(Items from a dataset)
--- START ---
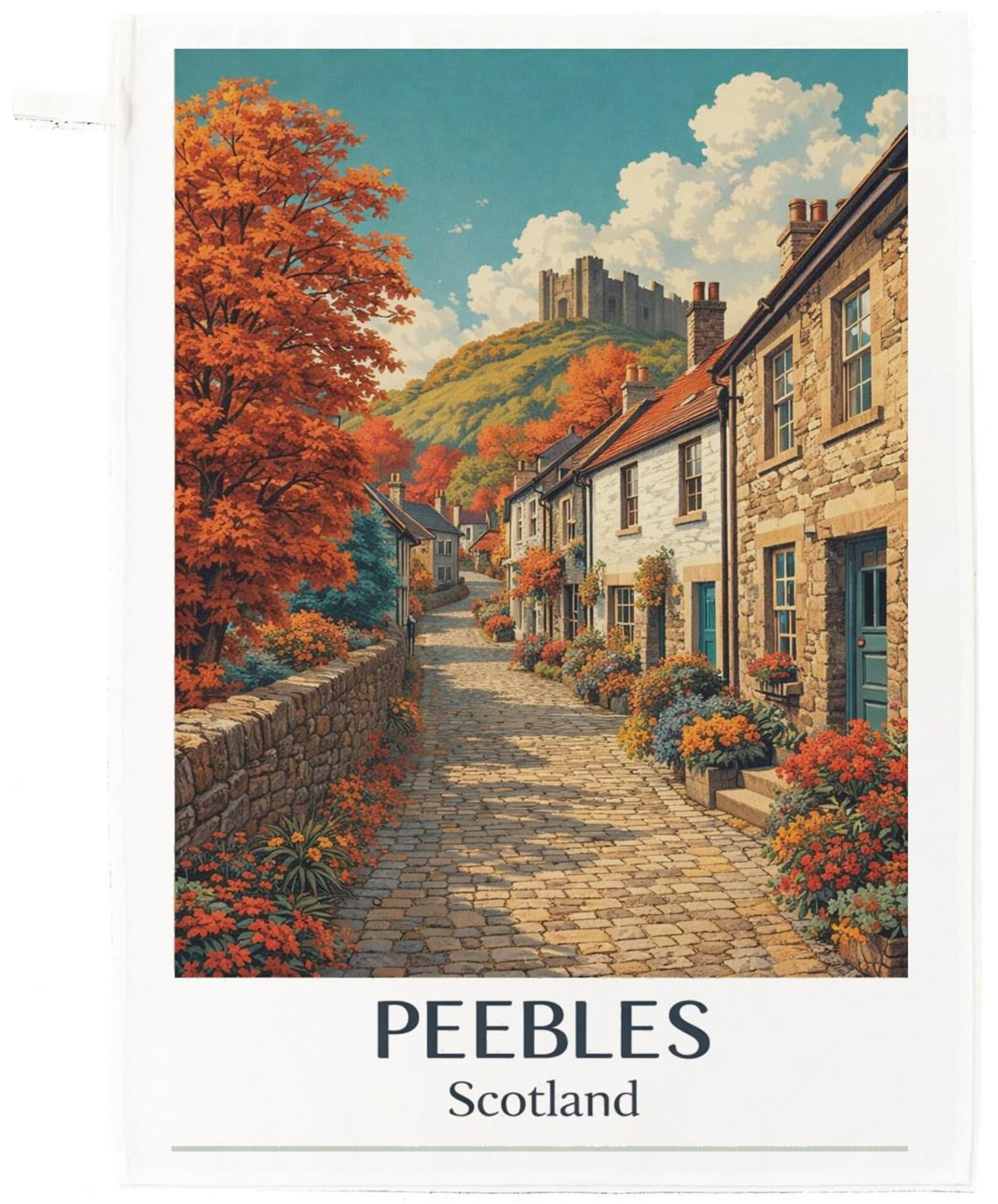 Half a Donkey Peebles Scotland Tea Towel – Autumn Village Street & Castle
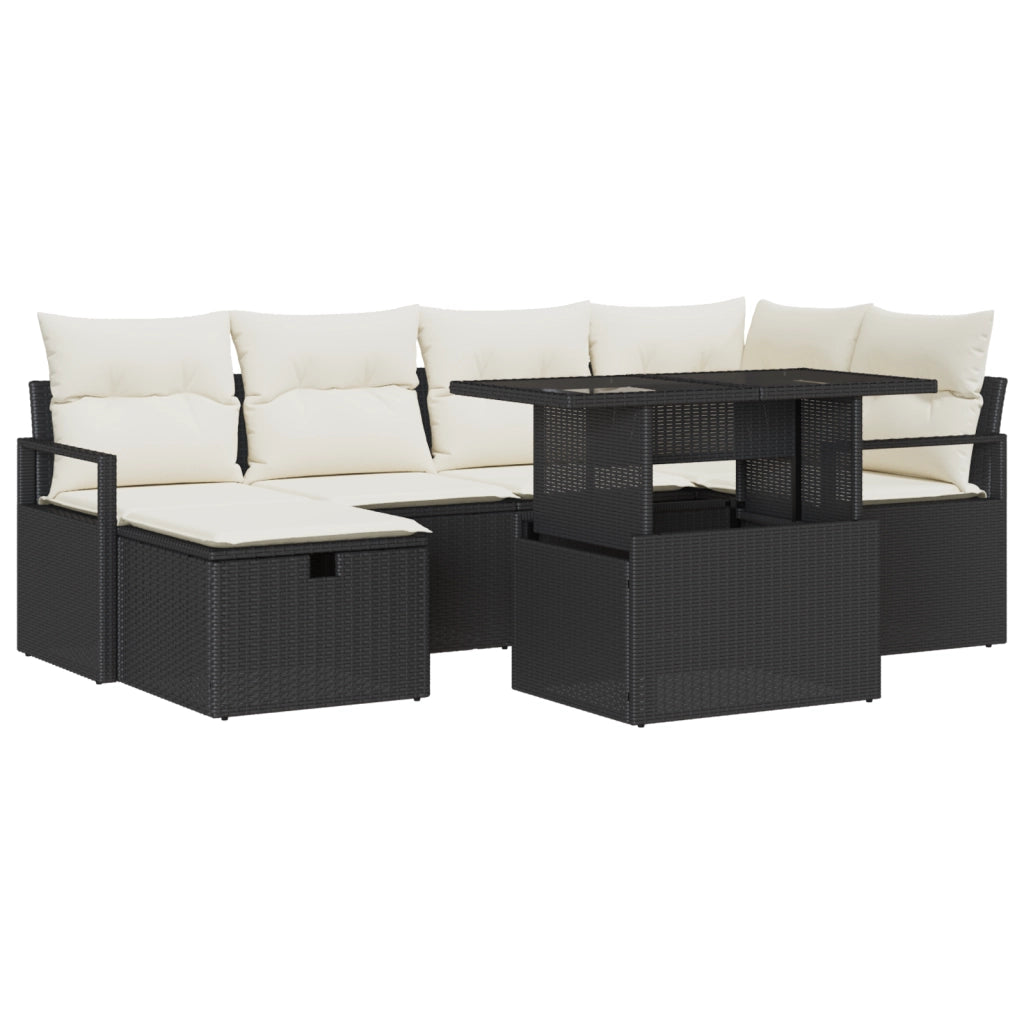 Set di divani da giardino  7 pezzi con cuscini in rattan polimerico nero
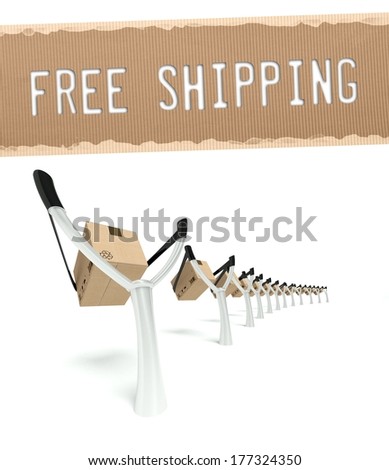 Free shipping transportation concept with cardboard box on slingshot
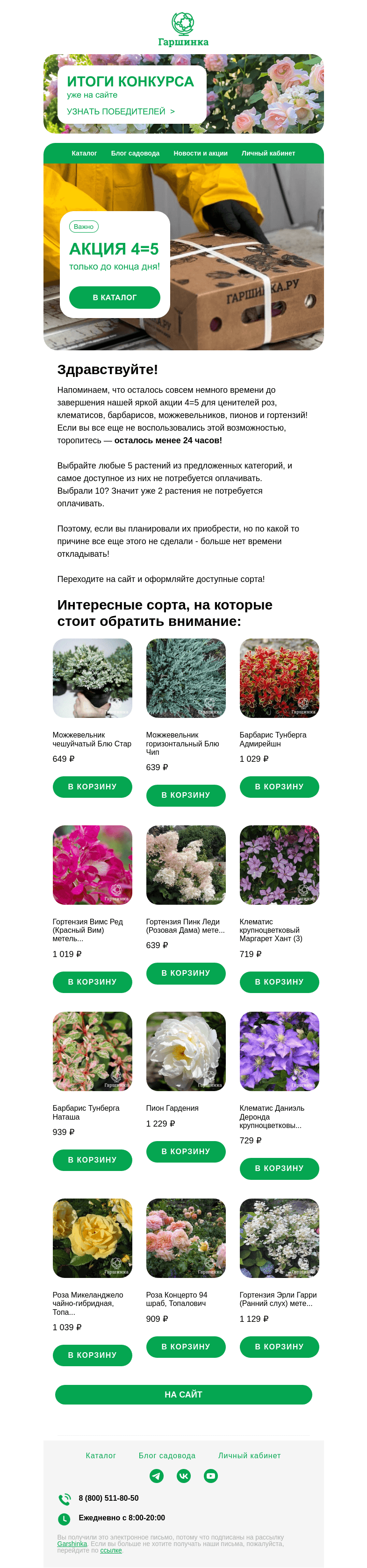 Письмо компании «Гаршинка.ру» на тему «😭 Осталось меньше 24 часов до окончания акции 4=5 | Итоги конкурса»
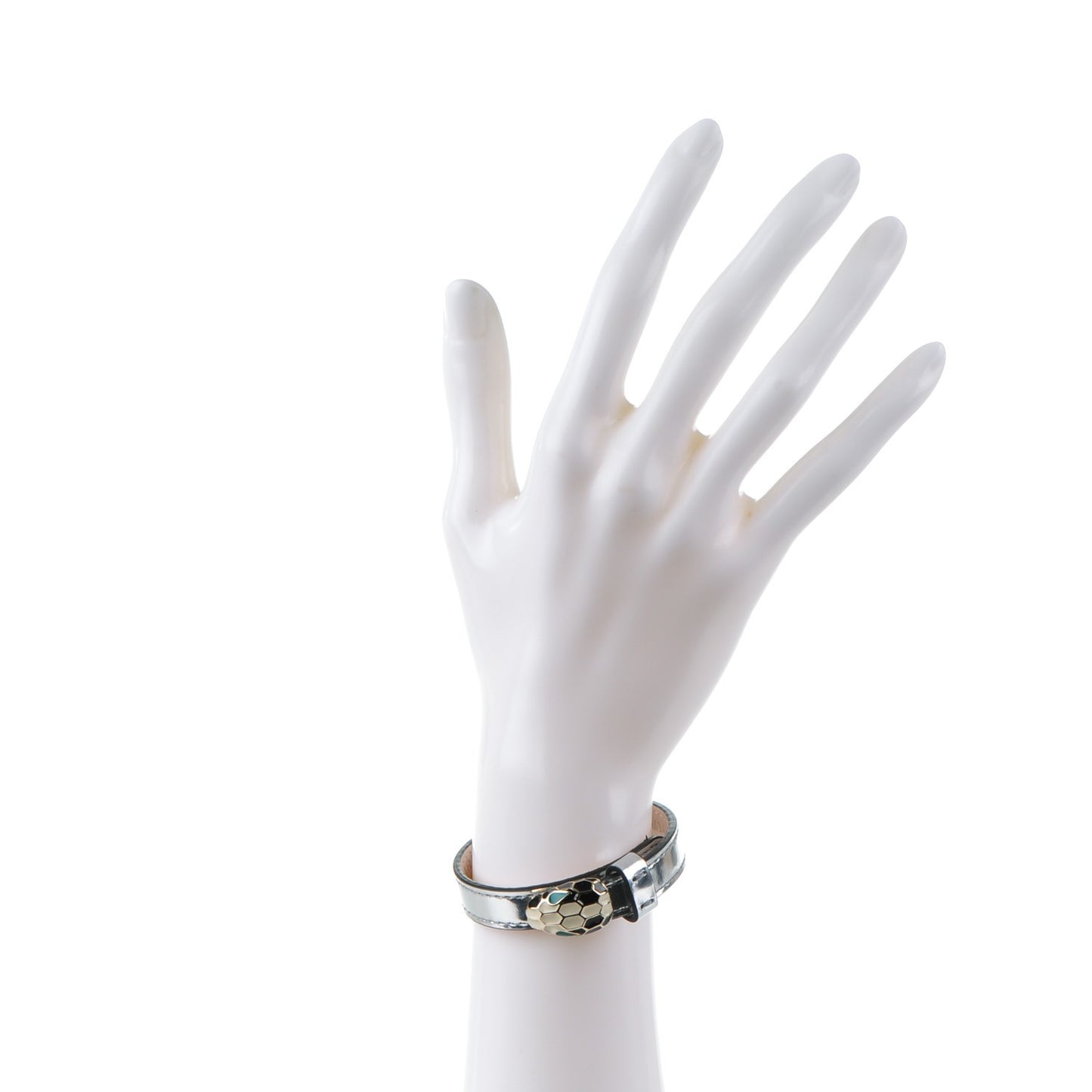 Metallic Calfskin Serpenti Forever Bracelet L Silver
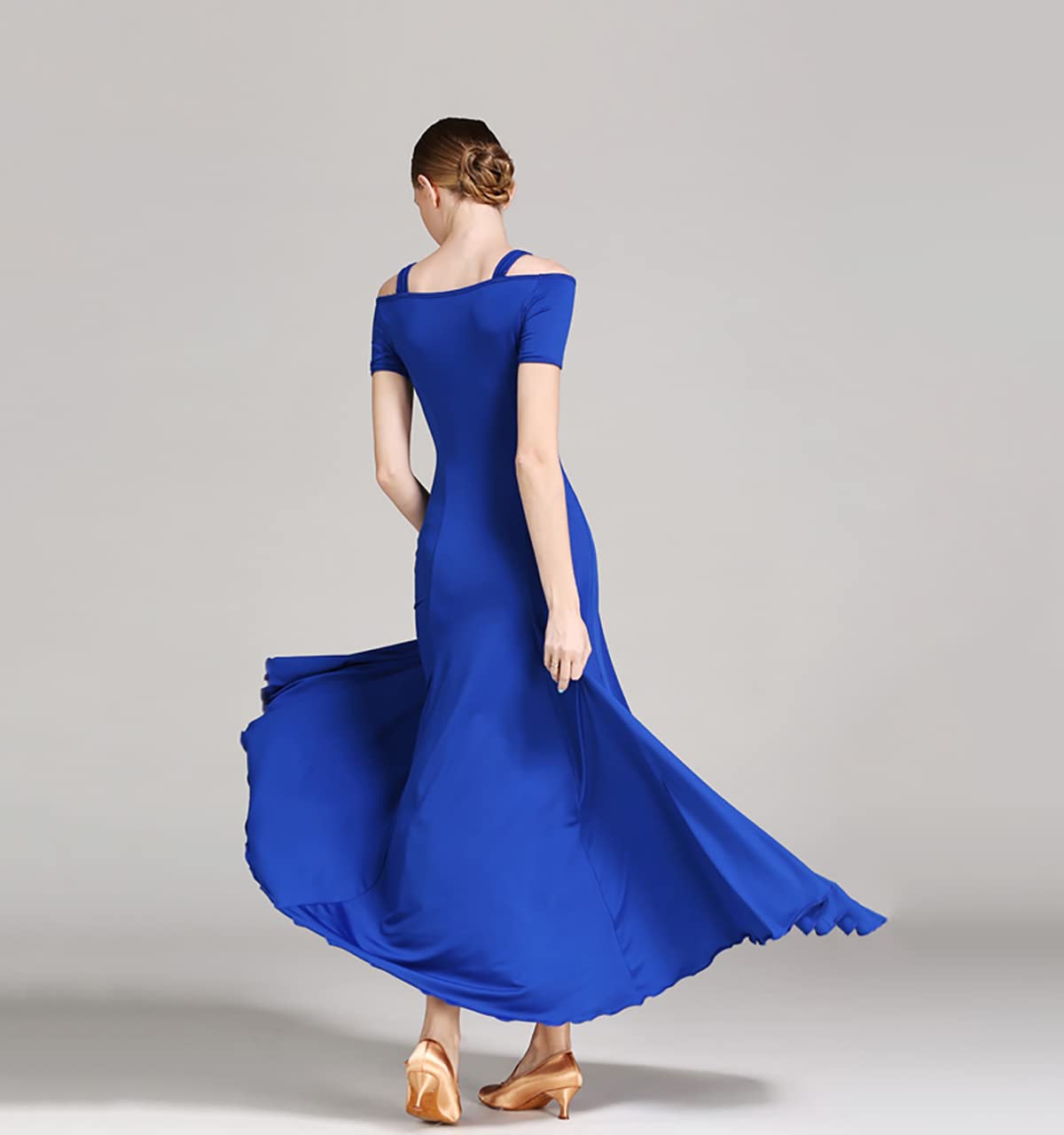 Kobieta? moda seksowna sukienka na ramię solidna długa sukienka na imprezę elegancka sukienka nowoczesna walc ubrania do tańca balowego taniec duża spódnica swingowa odzież performance (L, niebieski)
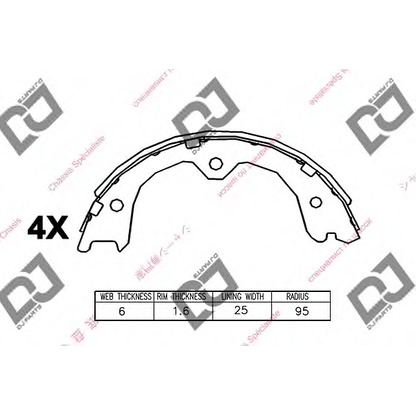 Foto Bremsbackensatz, Feststellbremse DJ PARTS BS1144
--- END ---
EXERCISE –
Take the line containing "Осталось меньше 24" and every line after it up to the end of the entries, and quote them exactly. Both ends count; the pictures do not.

EXERCISE OUTPUT –
 Письмо компании «Гаршинка.ру» на тему «😭 Осталось меньше 24 часов до окончания акции 4=5 | Итоги конкурса»
 Metallic Calfskin Serpenti Forever Bracelet L Silver
 Kobieta? moda seksowna sukienka na ramię solidna długa sukienka na imprezę elegancka sukienka nowoczesna walc ubrania do tańca balowego taniec duża spódnica swingowa odzież performance (L, niebieski)
 Foto Bremsbackensatz, Feststellbremse DJ PARTS BS1144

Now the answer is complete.